Неназванный друг этот был Андрей Николаевич Муравьёв, третьеразрядный поэт и писатель, специализировавшийся на книгах духовного содержания. Пушкин, вообще щедрый на похвалы (щедрость такая всегда признак подлинно талантливого человека), одобрительно отзывался о его поэтических опытах. Однако дружба эта принимала порой какие-то непривычные формы.

Вообще – странная черта в Пушкине. Не злой по натуре человек, он вдруг, без видимых причин, начинал проявлять нелепую, назойливую задиристость. Часто вёл себя вызывающе. Это был дуэлянт на грани бретерства. Мне всегда казалось, что таким образом бунтует в нём его вольная натура, обиженная на безысходную незадачливость судьбы.

Но вот пример, который показывает это свойство его характера несколько с другой стороны. Оказалось, и здесь не обошлось без диктовки суеверия.

Так вот, дружба его с Андреем Муравьёвым носила один странный оттенок. Попытаемся пояснить его.

Если быть точным, то случай с членовредительством статуи произошёл не у княгини Волконской, а в доме, не менее великолепном, князей Белосельских. Виновником происшествия был сам Муравьёв.

«…Тут однажды по моей неловкости, – пишет он, – случилось мне сломать руку колоссальной гипсовой статуи Аполлона, которая украшала театральную залу. Это навлекло мне злую эпиграмму Пушкина, который, не разобрав стихов, сейчас же написанных мною в свое оправдание на пьедестале статуи, думал прочесть в них, что я называю себя соперником Аполлона. Но эпиграмма дошла до меня поздно, когда я был в деревне».

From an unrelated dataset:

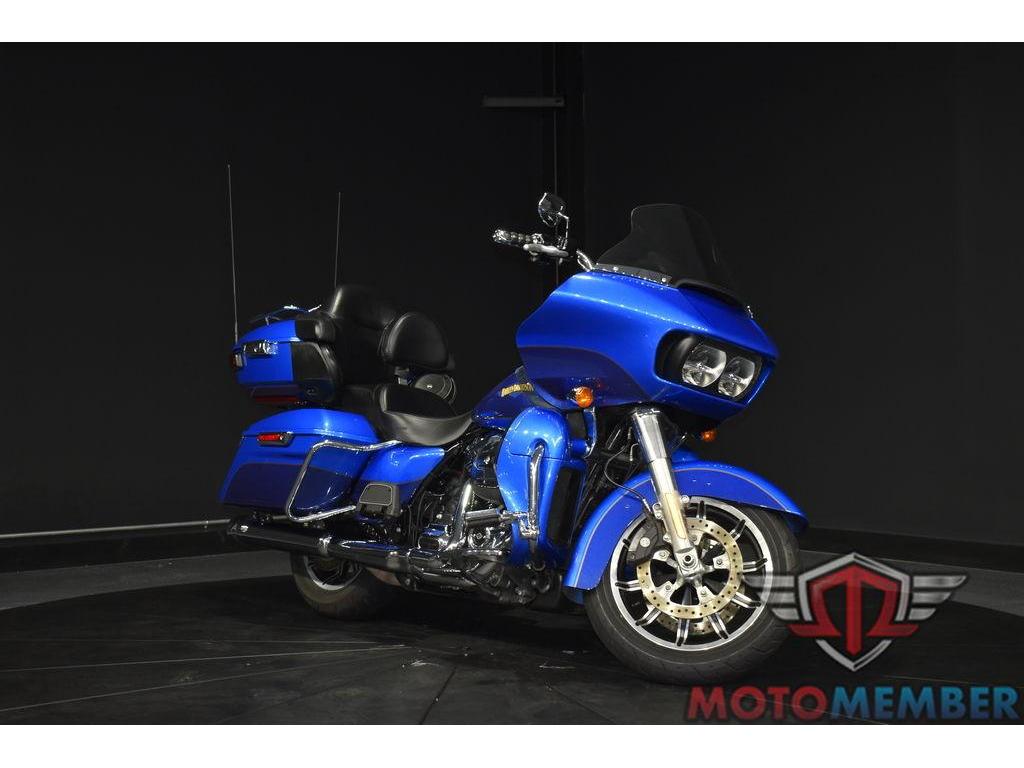 2017 Harley-Davidson Road Glide Ultra for Sale in PURCELLVILLE, VA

Муравьёв тогда, чтобы хоть с какой-то честью выйти из неловкого положения, написал на пьедестале довольно неуклюжий экспромт:

О, Аполлон! поклонник твой

Хотел померяться с тобой,

Но оступился и упал,

Ты горделиво наказал:

Хотел пожертвовать рукой,

Чтобы остался он с ногой.

Пушкин, как мы уже знаем, присутствовал при этом. Стихи Муравьёва «тянули на эпиграмму». А таких возможностей Пушкин не упускал. Эпиграмма его прозвучала так:

Лук звенит, стрела трепещет,

И клубясь издох Пифон;

И твой лик победой блещет,

Бельведерский Аполлон!

Кто ж вступился за Пифона,

Кто разбил твой истукан?

Ты, соперник Аполлона,

Бельведерский Митрофан.

Эпиграмма действительно злая, оскорбительная. Насколько сильна была обида Муравьёва, не знаю. Думаю, что и сам он, как известный в своем кругу острослов, понимал – русскому человеку упустить повод для красного словца просто грешно. Но тут была и другая, как мы теперь говорим, подсознательная причина для колкого словца. О том чуть позже.

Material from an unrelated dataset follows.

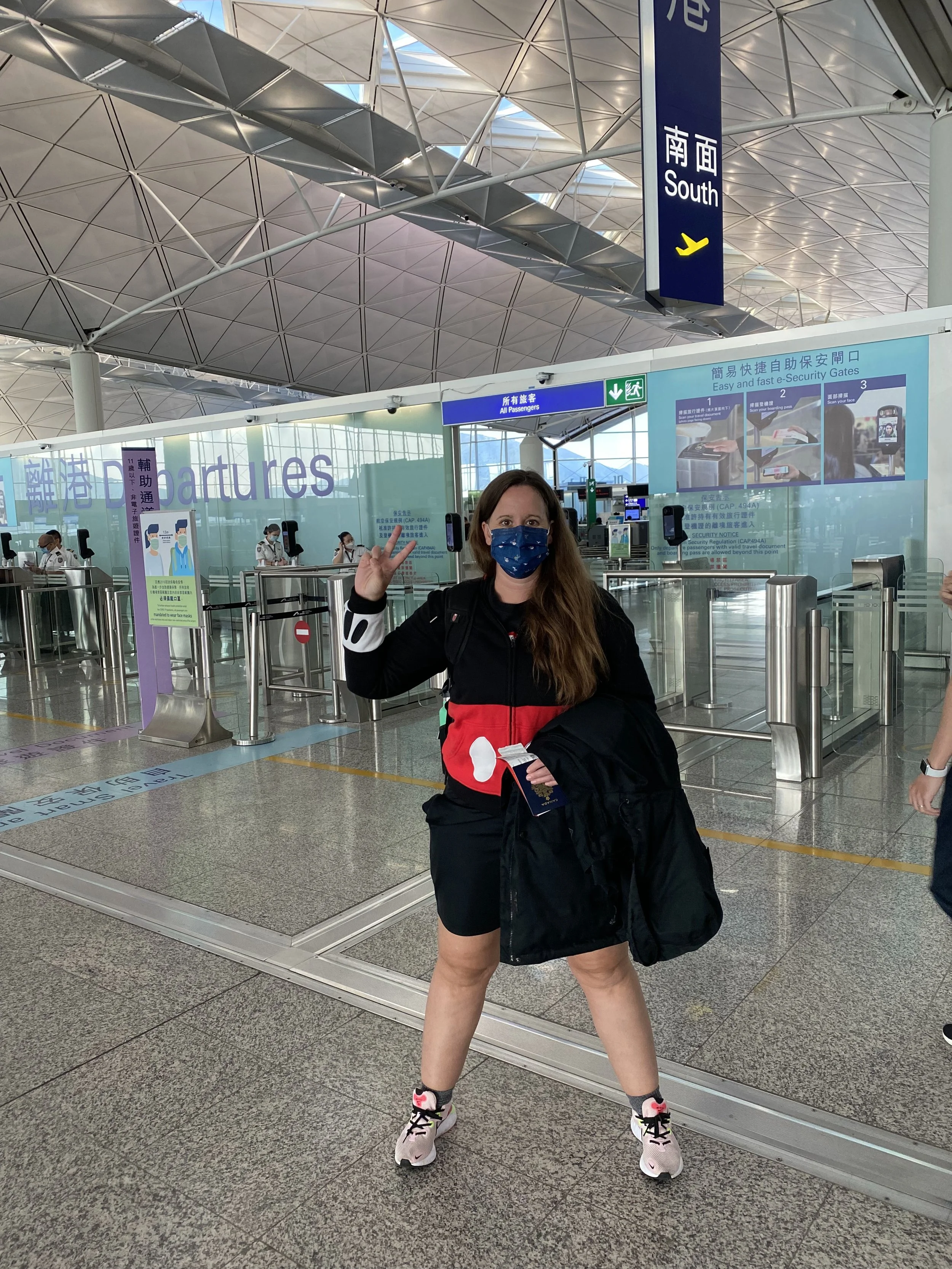 How to Go Through Airport Security Like a Pro (First-Time Traveler’s Guide)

Муравьев, разумеется, в долгу не остался. Его ответ был и короче, и успешней. Он мгновенно оказался на устах всего Петербурга:

Как не злиться Митрофану:

Аполлон обидел нас.

Посадил он обезьяну

В первом месте на Парнас.

Перестрелка эпиграммами завязалась. Пушкин подготовил еще одну, больше всё-таки грубую, чем остроумную, если быть справедливым:

Не всех беснующих людей

Бог истребил в Тивериаде:

И из утопленных свиней

Одна осталась в Петрограде.

Пушкин явно перегибал. Чувствуется во всем этом какой-то не совсем достойный вызов. Что-то его направляло в этом далеко не изящном острословии.

Последнюю из процитированных эпиграмм он передал в 1827 году Погодину, чтобы тот напечатал её в своем популярном «Московском вестнике».

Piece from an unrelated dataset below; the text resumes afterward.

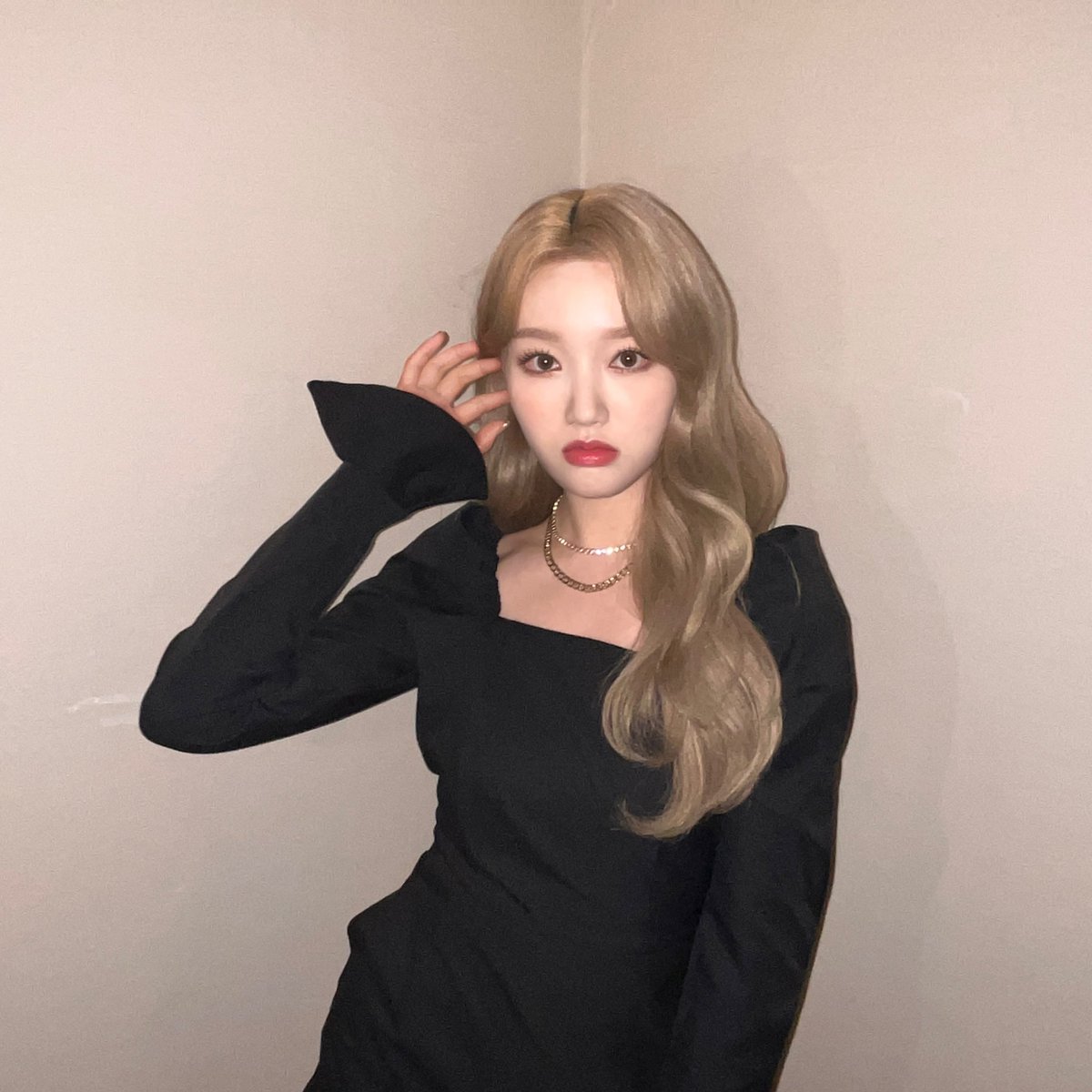 12P1CS's tweet photo. it girl https://t.co/I5aN3vZ2AH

Потом произошёл эпизод, повергший М.Н. Погодина в некоторое недоумение.

«Встретясь со мною вскоре по выходе книги, – вспоминал М.П., – он был очень доволен и сказал: “Однако ж, чтоб не вышло чего из этой эпиграммы. Мне предсказана смерть от белого человека или белой лошади, а НН – и белый человек и лошадь”».

Не совсем достойное остроумие по поводу Муравьёва продолжилось в новой форме.

Веневитинов, рассказывая о суеверии Пушкина, передал, что тот со времени предсказания всегда очень аккуратно «кладёт ногу в стремя и обязательно подаёт руку белому человеку».